Problem to solve -
Where an image appears, leave it out; otherwise repeat the data exactly.

Available data -
[Start of Attachment]

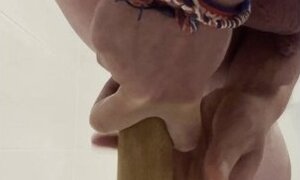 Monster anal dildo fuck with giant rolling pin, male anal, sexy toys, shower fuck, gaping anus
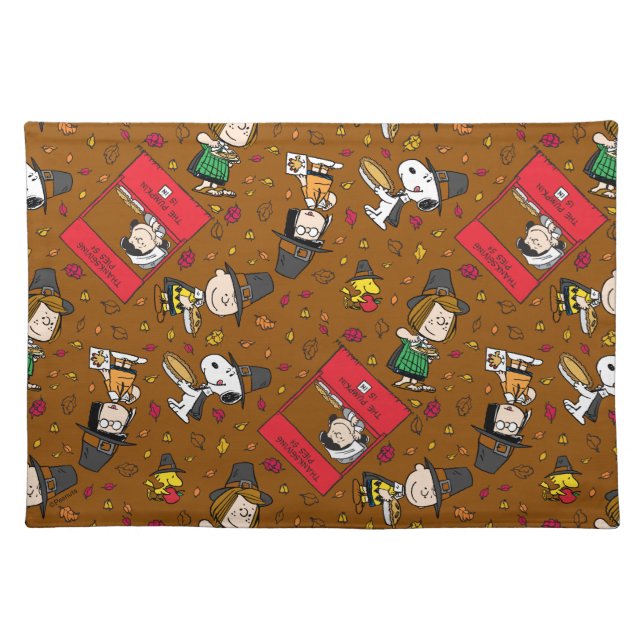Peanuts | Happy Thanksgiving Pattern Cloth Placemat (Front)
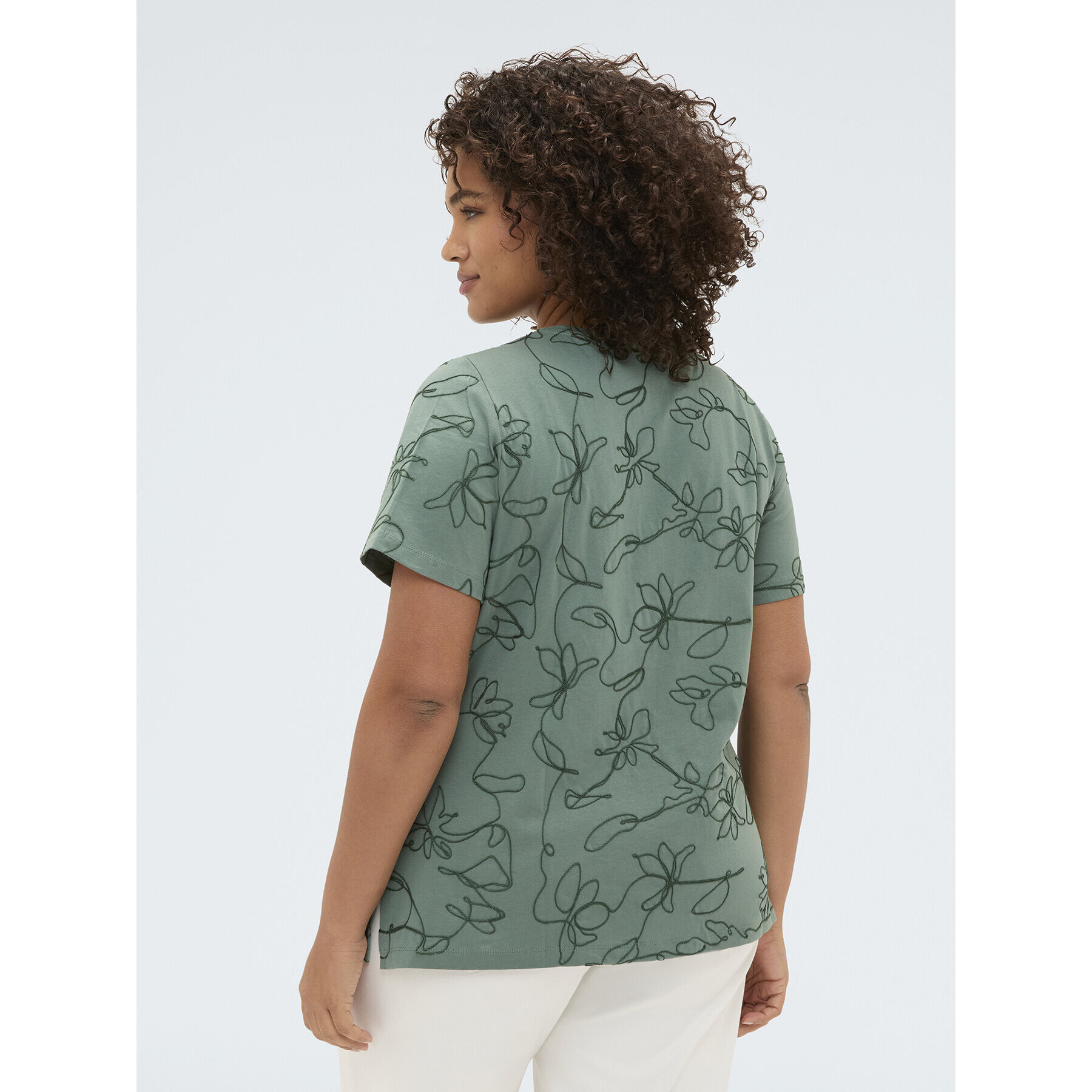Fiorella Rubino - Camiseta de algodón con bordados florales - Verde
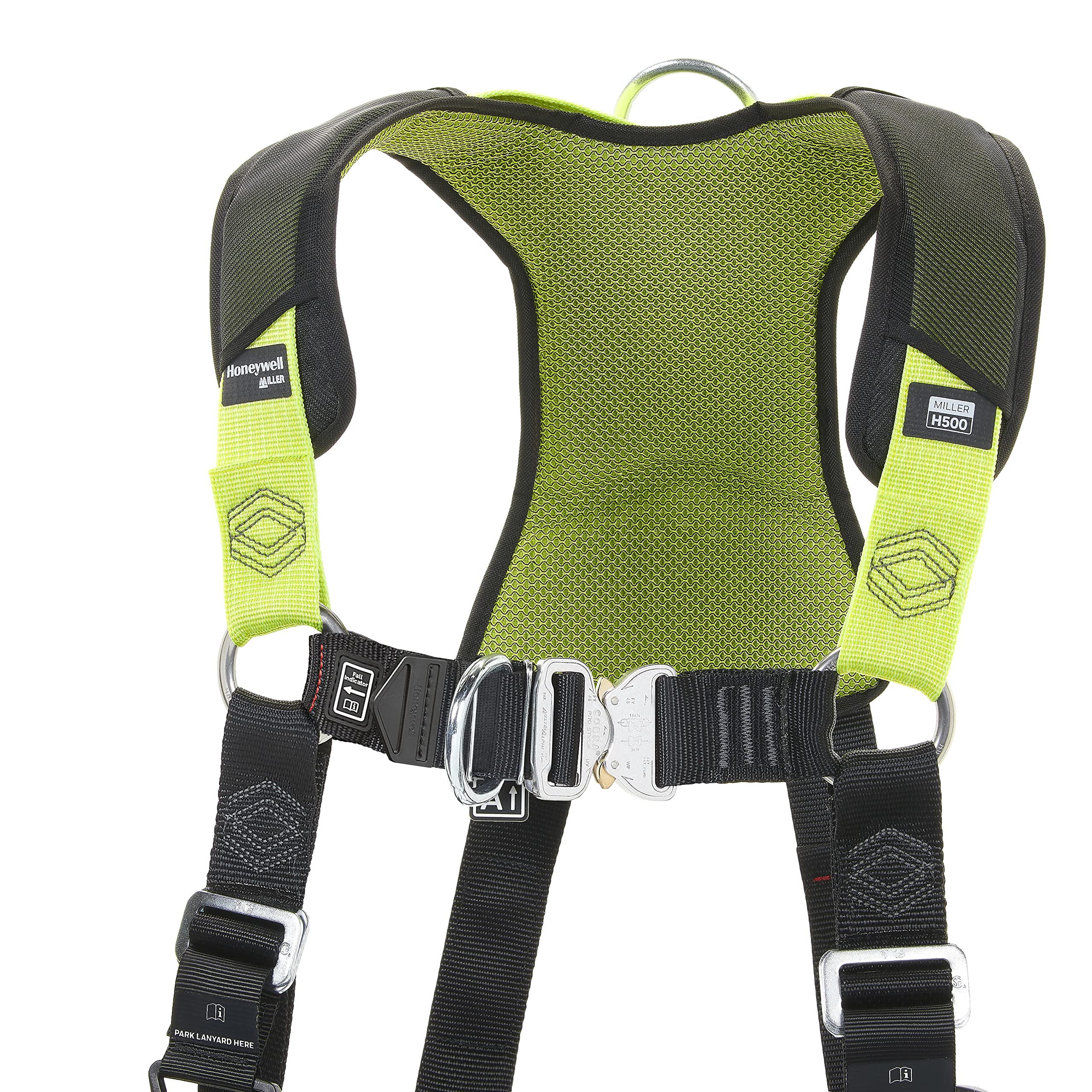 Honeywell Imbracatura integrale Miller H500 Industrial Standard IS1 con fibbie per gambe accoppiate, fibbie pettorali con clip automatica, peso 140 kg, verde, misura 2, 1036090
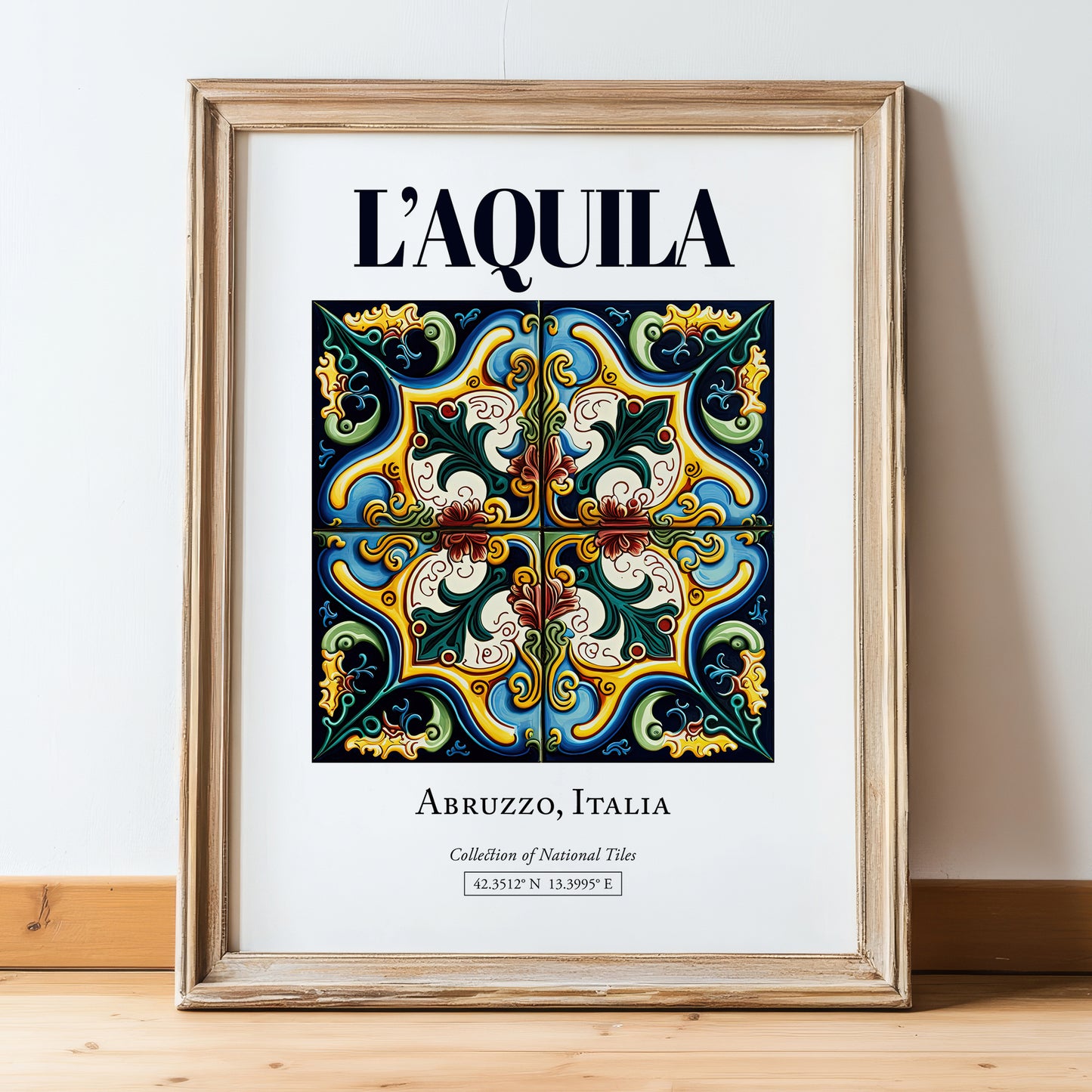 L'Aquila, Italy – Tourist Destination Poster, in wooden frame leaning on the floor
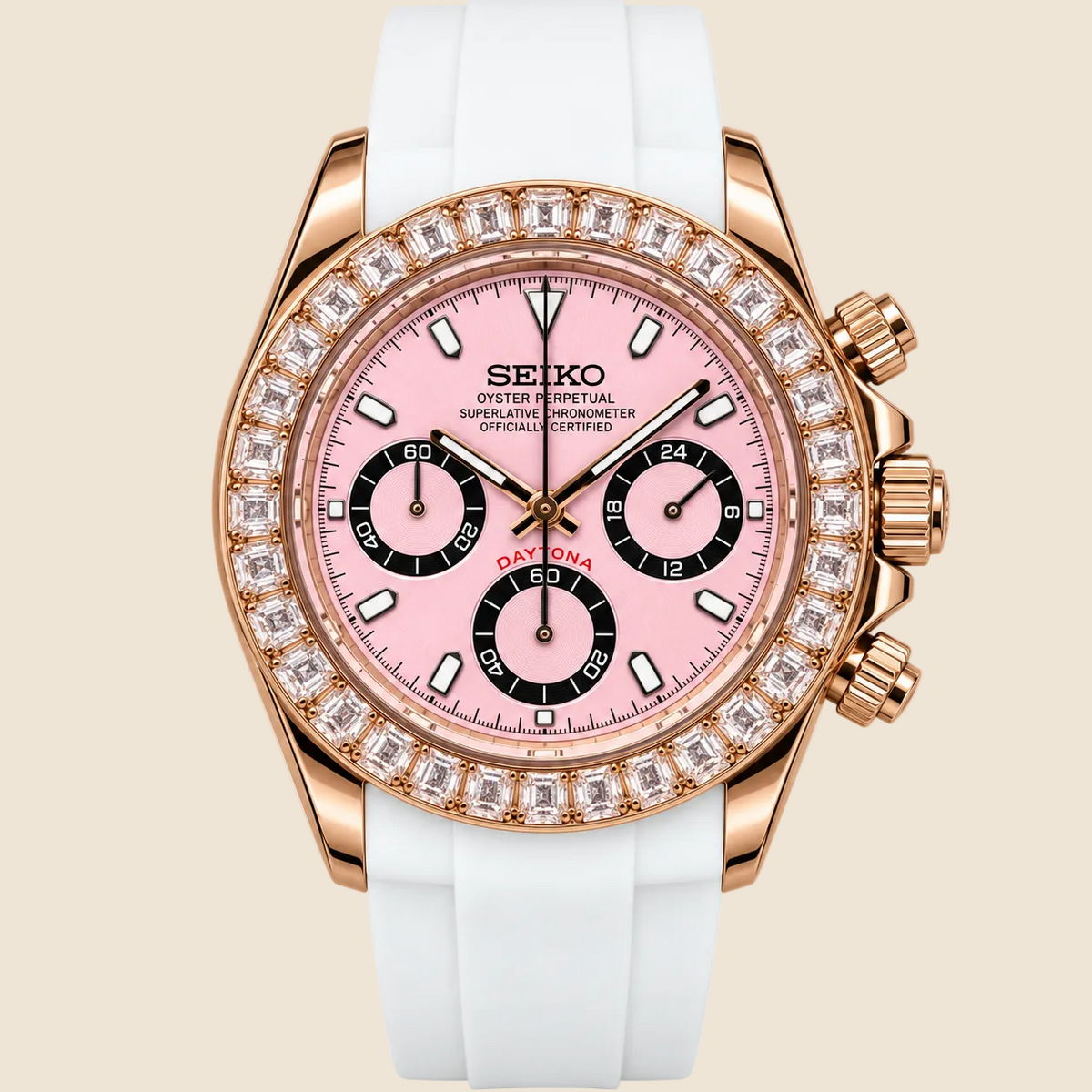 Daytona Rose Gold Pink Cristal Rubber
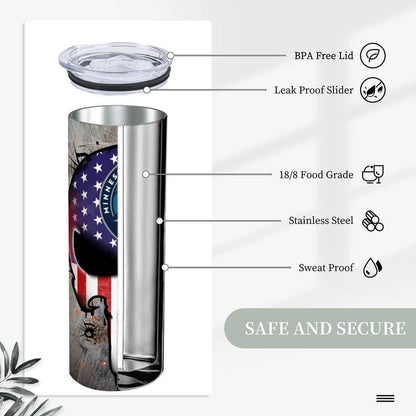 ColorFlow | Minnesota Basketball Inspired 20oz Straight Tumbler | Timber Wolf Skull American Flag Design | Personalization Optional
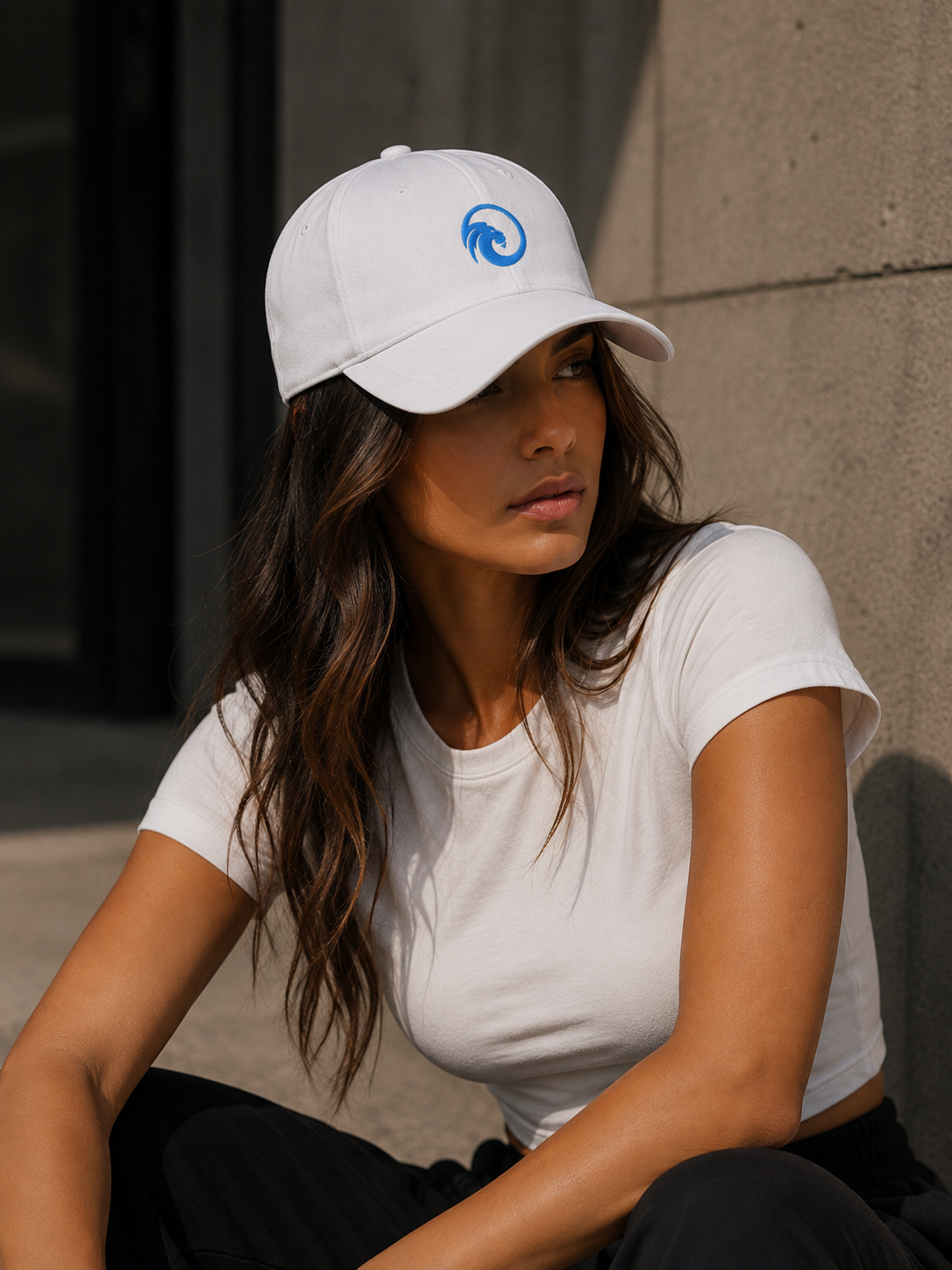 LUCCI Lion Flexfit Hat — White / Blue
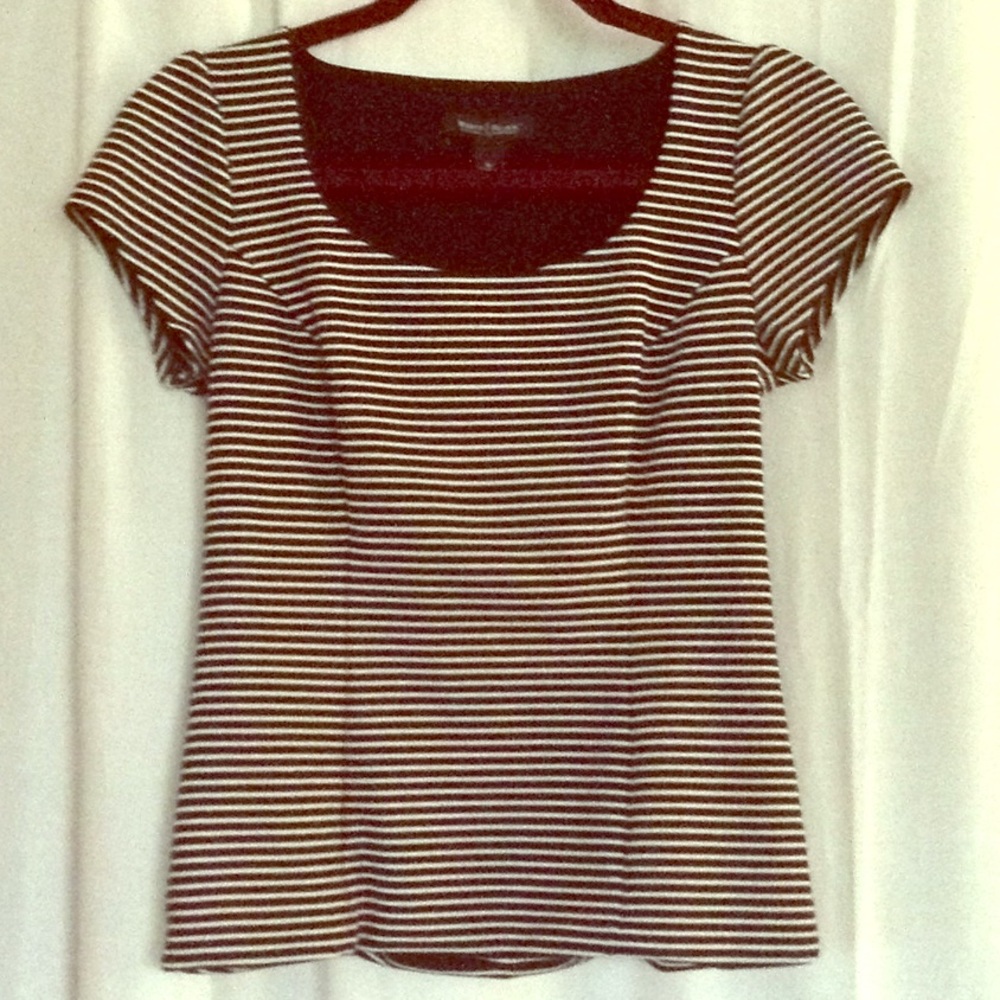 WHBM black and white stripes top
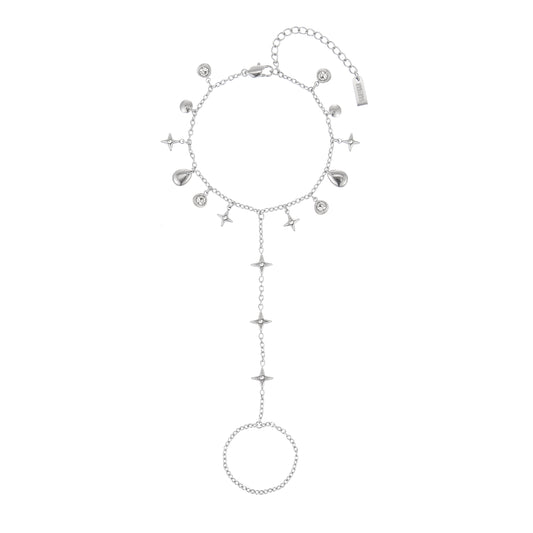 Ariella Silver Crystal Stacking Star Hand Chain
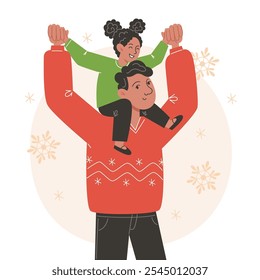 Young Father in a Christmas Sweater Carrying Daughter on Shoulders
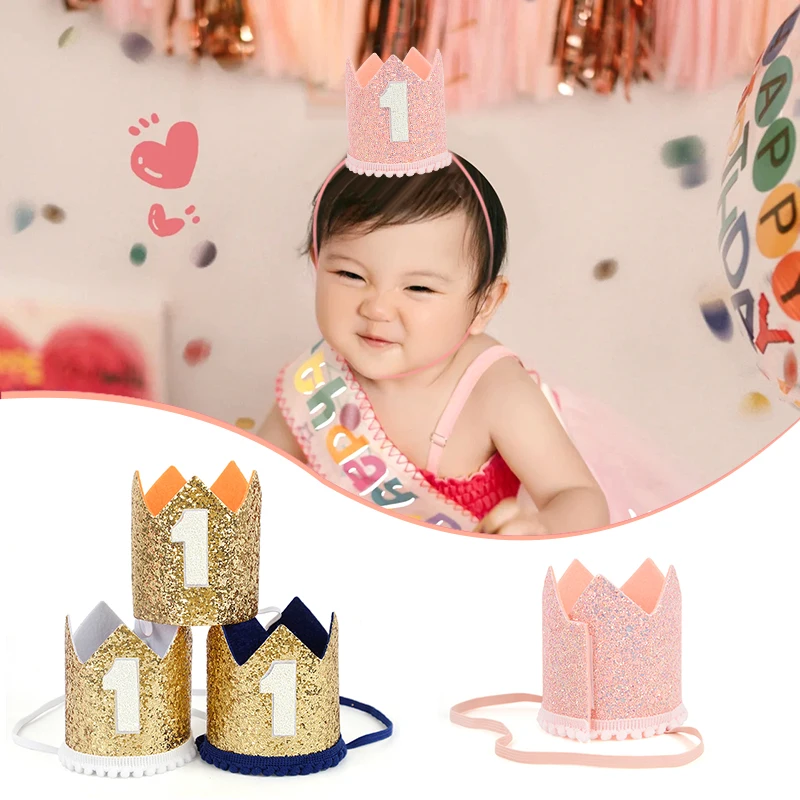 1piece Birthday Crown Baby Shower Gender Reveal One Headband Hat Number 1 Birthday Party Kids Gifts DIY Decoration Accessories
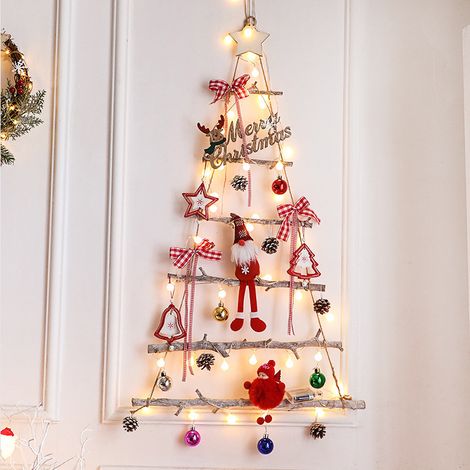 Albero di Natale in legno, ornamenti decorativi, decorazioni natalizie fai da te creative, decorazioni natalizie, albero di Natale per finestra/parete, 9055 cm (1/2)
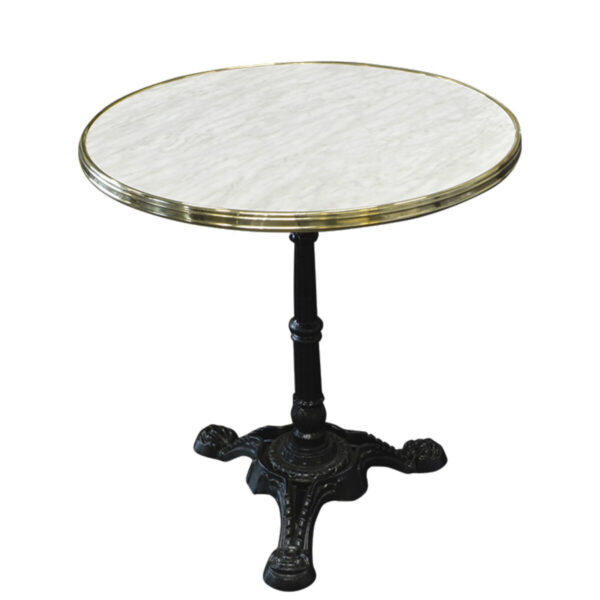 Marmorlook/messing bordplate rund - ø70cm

[End of Attachment]

Result -
 Monster anal dildo fuck with giant rolling pin, male anal, sexy toys, shower fuck, gaping anus
Peanuts | Happy Thanksgiving Pattern Cloth Placemat (Front)
Fiorella Rubino - Camiseta de algodón con bordados florales - Verde
 Honeywell Imbracatura integrale Miller H500 Industrial Standard IS1 con fibbie per gambe accoppiate, fibbie pettorali con clip automatica, peso 140 kg, verde, misura 2, 1036090
 L'Aquila, Italy – Tourist Destination Poster, in wooden frame leaning on the floor
 Daytona Rose Gold Pink Cristal Rubber
 ColorFlow | Minnesota Basketball Inspired 20oz Straight Tumbler | Timber Wolf Skull American Flag Design | Personalization Optional
 LUCCI Lion Flexfit Hat — White / Blue
 WHBM black and white stripes top
 Ariella Silver Crystal Stacking Star Hand Chain
 Young Father in a Christmas Sweater Carrying Daughter on Shoulders
 1piece Birthday Crown Baby Shower Gender Reveal One Headband Hat Number 1 Birthday Party Kids Gifts DIY Decoration Accessories
 Albero di Natale in legno, ornamenti decorativi, decorazioni natalizie fai da te creative, decorazioni natalizie, albero di Natale per finestra/parete, 9055 cm (1/2)
 Marmorlook/messing bordplate rund - ø70cm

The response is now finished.